The numbers point to another factor that adds to the difficulty in addressing digital threats: Attackers are intelligent, so, frequently, advances in security are matched by advances in attacks. This makes online security a more complicated problem than, say, improving the safety of automobiles.

If you fix one Internet security bug, you can be sure that attackers will just find another, potentially more dangerous one. "Over all, attackers have the competitive advantage," said Jen Weedon, who works on the threat intelligence team at the security company Mandiant. "Defenders need to defend everything. All attackers need to find is one vulnerability."

If you aren't worried enough yet, there's one more reason to expect digital technology to remain prone to errors.

"There's an underlying process here, which says that as devices get more memory or power, people add more complexity to a product — until it becomes so complicated that it's too difficult to understand," Felten said.

That "smart" watch you're wearing today might not be very complex, but in a few years' time, smartwatches might run processors that are as powerful as those in today's laptops.

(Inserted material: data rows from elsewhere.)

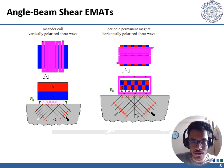Wave modes can also be generated at an angle to the free surface. In the first case, a meander coil and a vertically placed magnet are used. In the second case, there is a periodic arrangement of permanent magnets where the polarity alternates, and the coil is wrapped around the permanent magnets. These two cases cause the direction of propagation for ultrasonic waves to be at an angle to the free surface.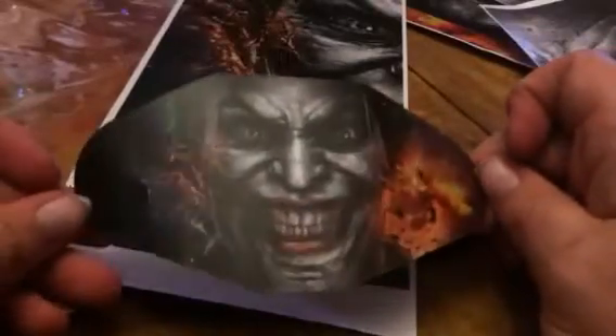And as you can see, they have the little holes cut out for the buttons. So it just kind of fits right over it and it's a really cool little look if you like the Joker.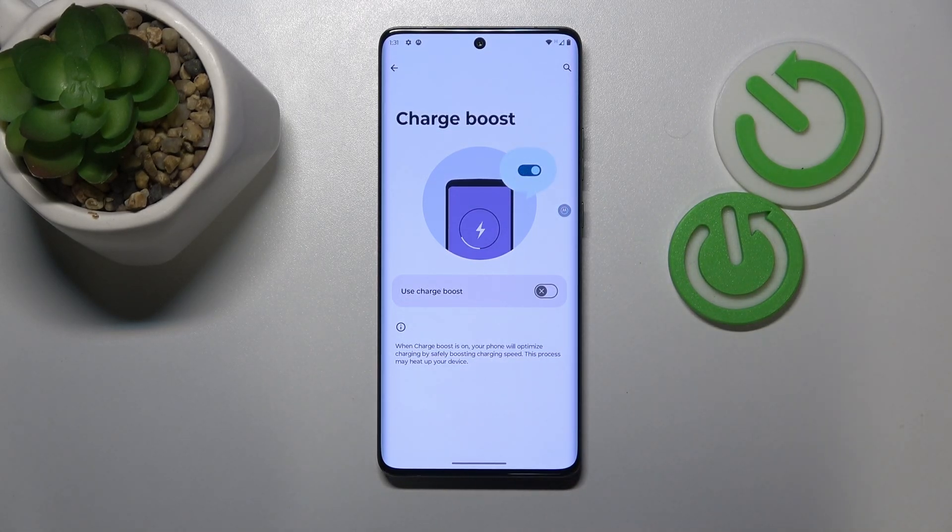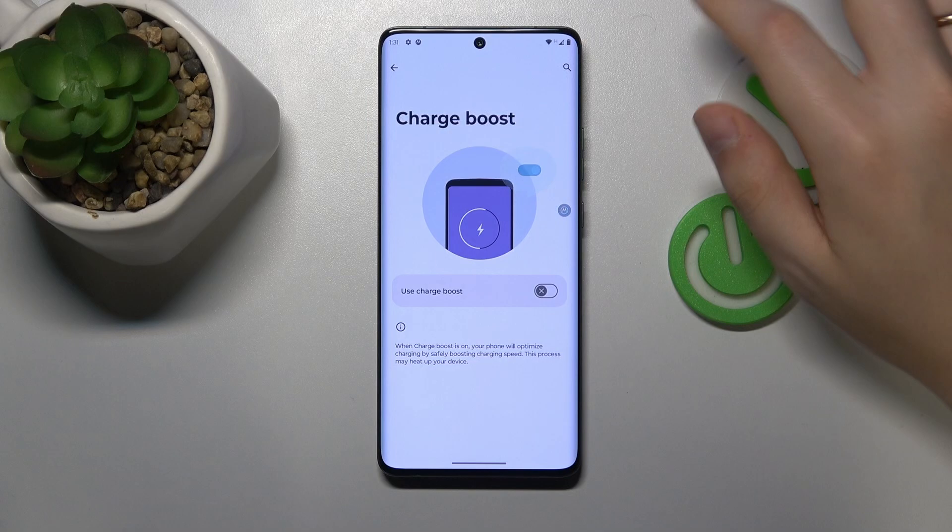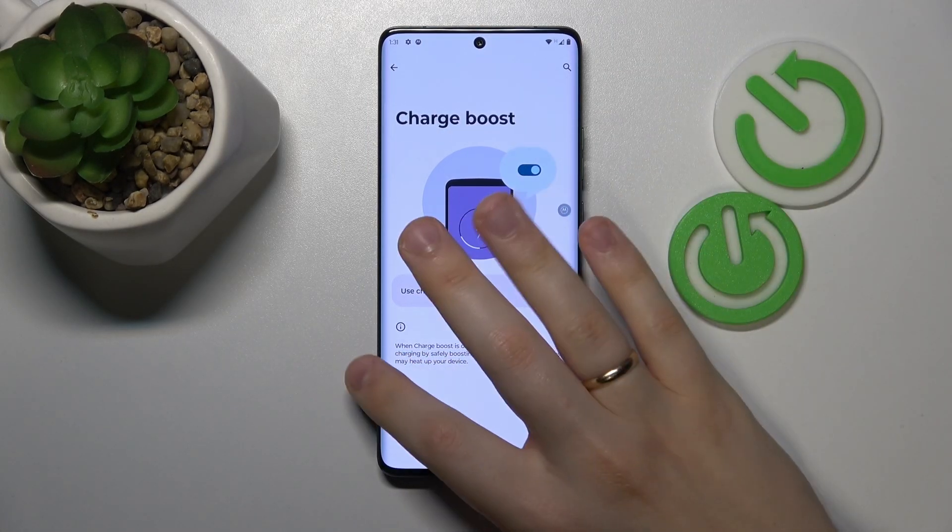Charge boost is designed to increase your charging speed. Even though it's a very useful option, in the majority of cases device overheating can be attributed to the battery overheating, so the obvious fix is to charge the phone slower. Even though this phone supports fast charging capabilities, it is better to refrain from using it, and if you're experiencing constant overheating, try to not fast charge your device.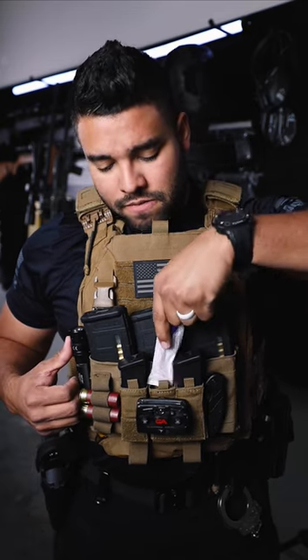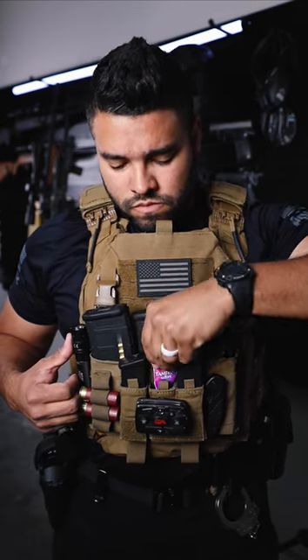Okay, let's try it — the tactical tampon. Make sure to properly index and in it goes. Look at that, the tactical tampon.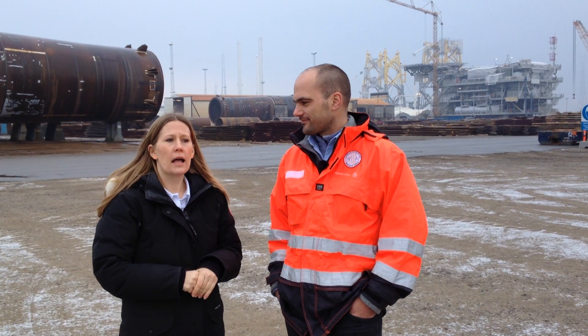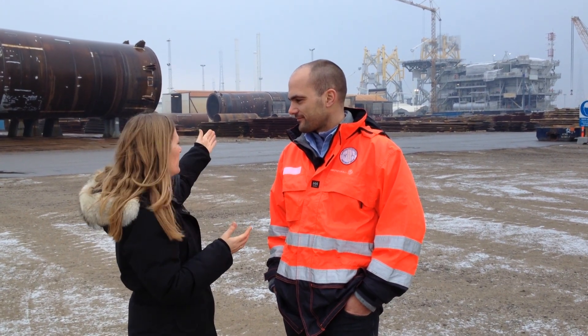Today we are in Aalborg to see the substation for Sandbank, and with me I have Martin Sape from the Sandbank project. Martin, can you please tell us this substation we see in the back — what is it?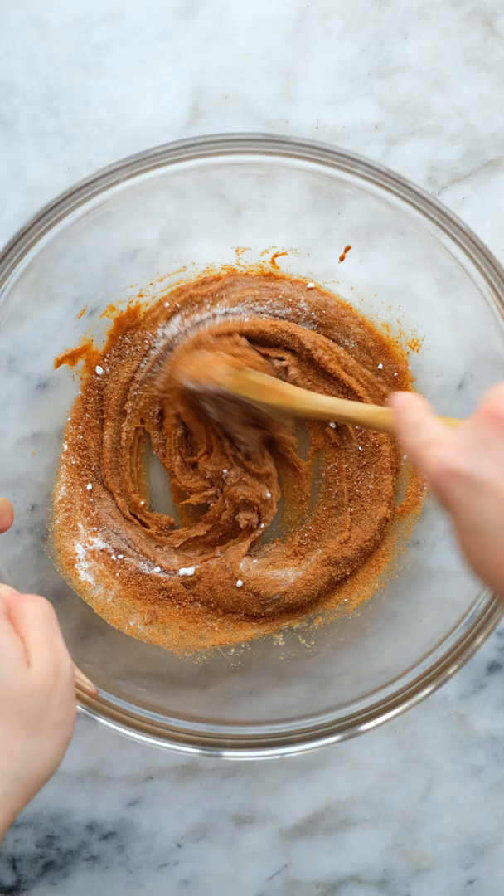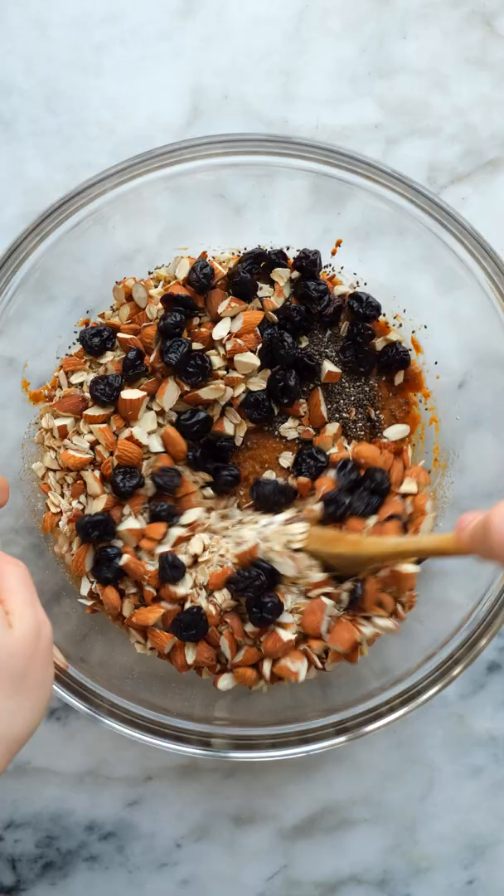Finally, stir in some rolled oats, chia seeds, chopped nuts, and dried fruit, and stir until you have a tacky dough.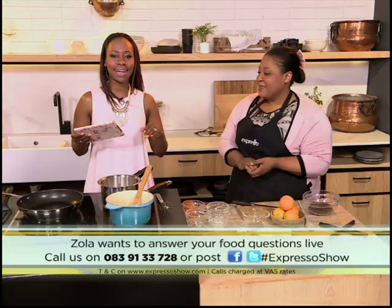0839133728 — you've got a burning question? Let us know. Zola will explain this again later on when we have time. We'll have more of your culinary hotline, but first we're going to take a short ad break.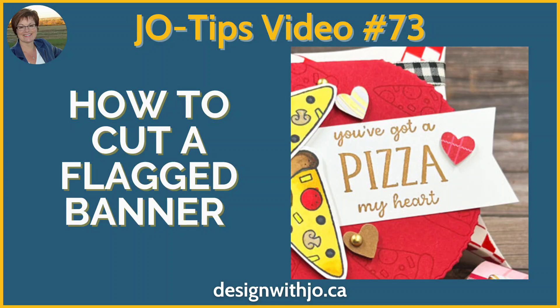Hi Paper Crafters, welcome to another Design with Jo video. I'm Joanne Rogers, a Stampin' Up demonstrator in Central Alberta, Canada, and I've been designing with you in mind since 1999.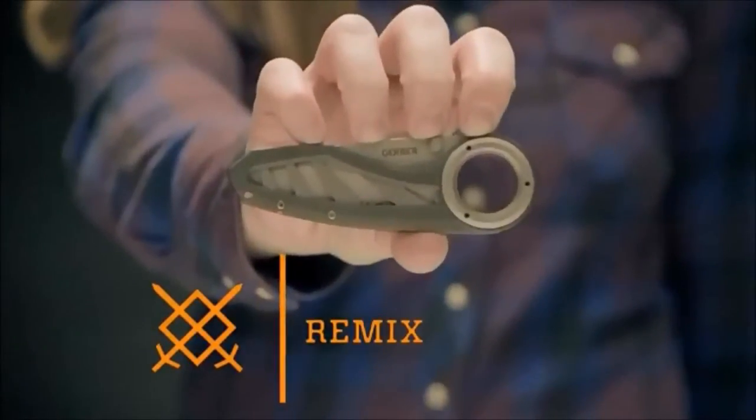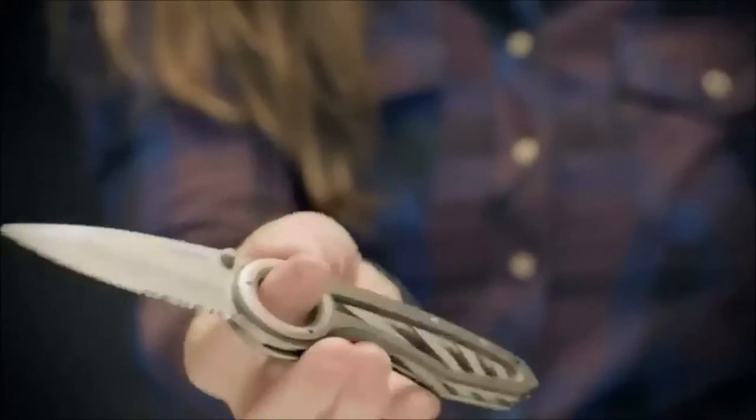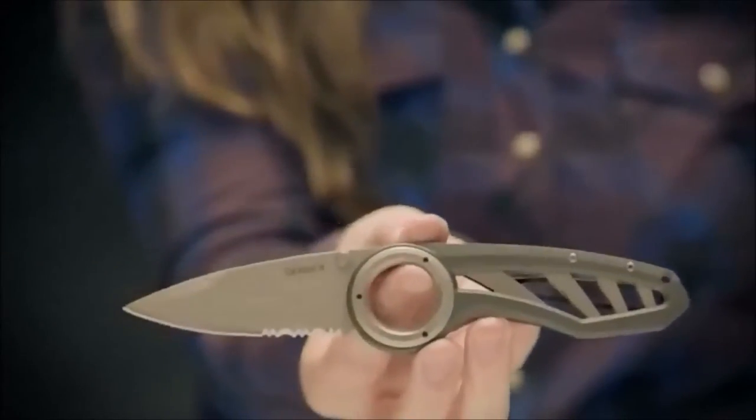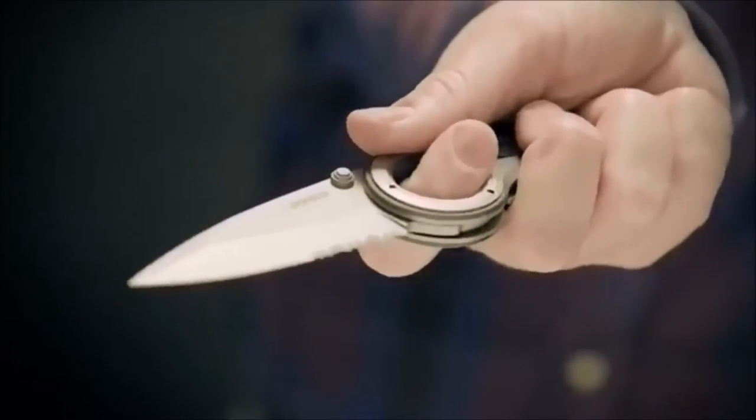This is the Remix. It has an open frame design and circular anodized aluminum handle that makes it highly functional and extremely lightweight. The unique design delivers a safe and solid grip while in use.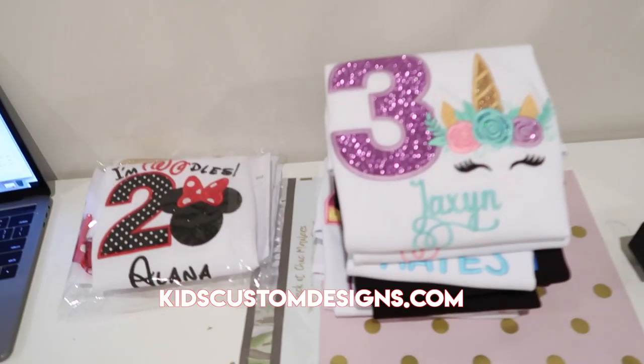I get a lot of questions on how I ship my items and how I save on shipping, so I'm going to show you guys my shipping supplies, how I package my orders, and how I ship them. I do everything out of my home — my daughter's on her iPad so it might be a little loud, but I'll try to manage.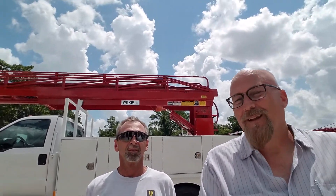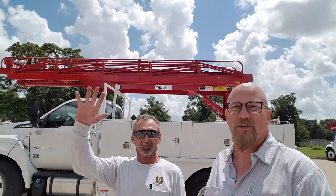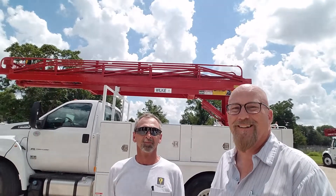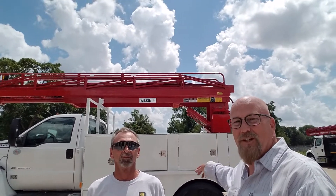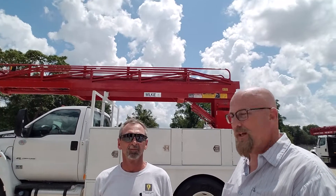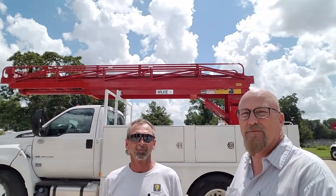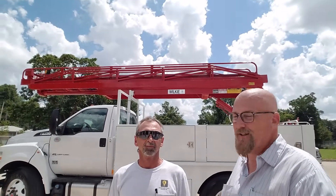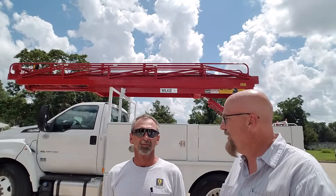Hey, I'm here today with Dave Duret from Desert Clark County Lighting. He's here picking up his new Wilkie Model 60 service ladder on a 1206 service body with a 10-foot additional side lamp box. We did an oversized underbody box mounted on a Ford F750. He's in the Las Vegas area and he's got a new truck along with some other Wilkie trucks in his service fleet.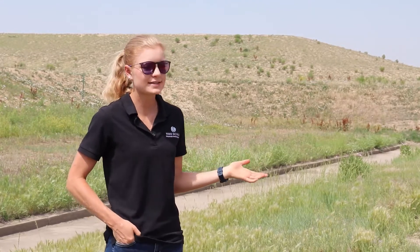Hi everyone, I'm Rachel Seedorf. I'm here at Denver International Airport, and today I'm showcasing some revegetation work that I've done for my thesis project here at DEN.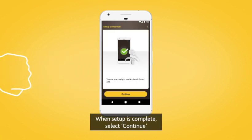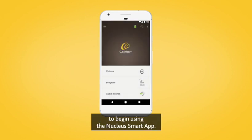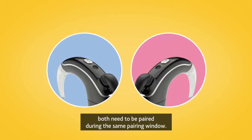When setup is complete, select Continue to begin using the Nucleus Smart App. If you have two sound processors, both need to be paired during the same pairing window.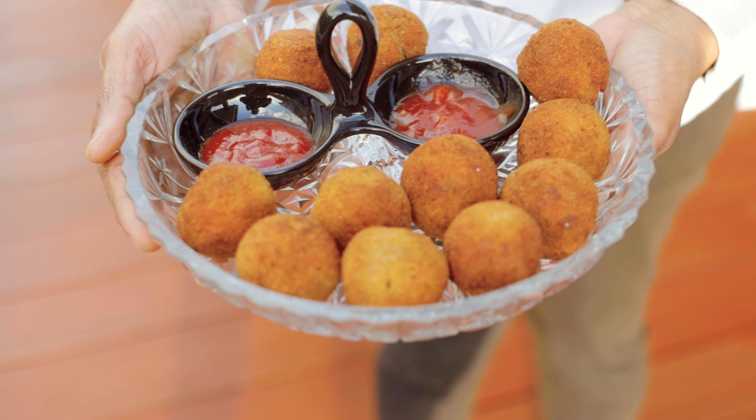Once the mixture is turning golden brown, add in the tuna, then the potatoes, and as always mix well.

Companies will create hundreds of apps to take advantage of that power, and you'll probably install them, because they'll make your life more convenient or more fun. You'll pour all your most precious data into your watch. Suddenly, without your noticing it, your watch will have become a target. And among one of those apps will be some threat that no one had anticipated.

"As our engineering methods get better, our products get more complicated, so we're always out at the edge of complexity that our engineering processes can handle," Felten said.

Does this mean we're doomed? Not necessarily; researchers are gratified that large hacks and vulnerabilities are receiving more attention, which might push the industry and consumers to take security more seriously.

"Within the past year or so, it's interesting to see how high-profile these threats have become," Weedon said. "Now average people are talking about how to patch their systems. And that's the best we can hope for, for now."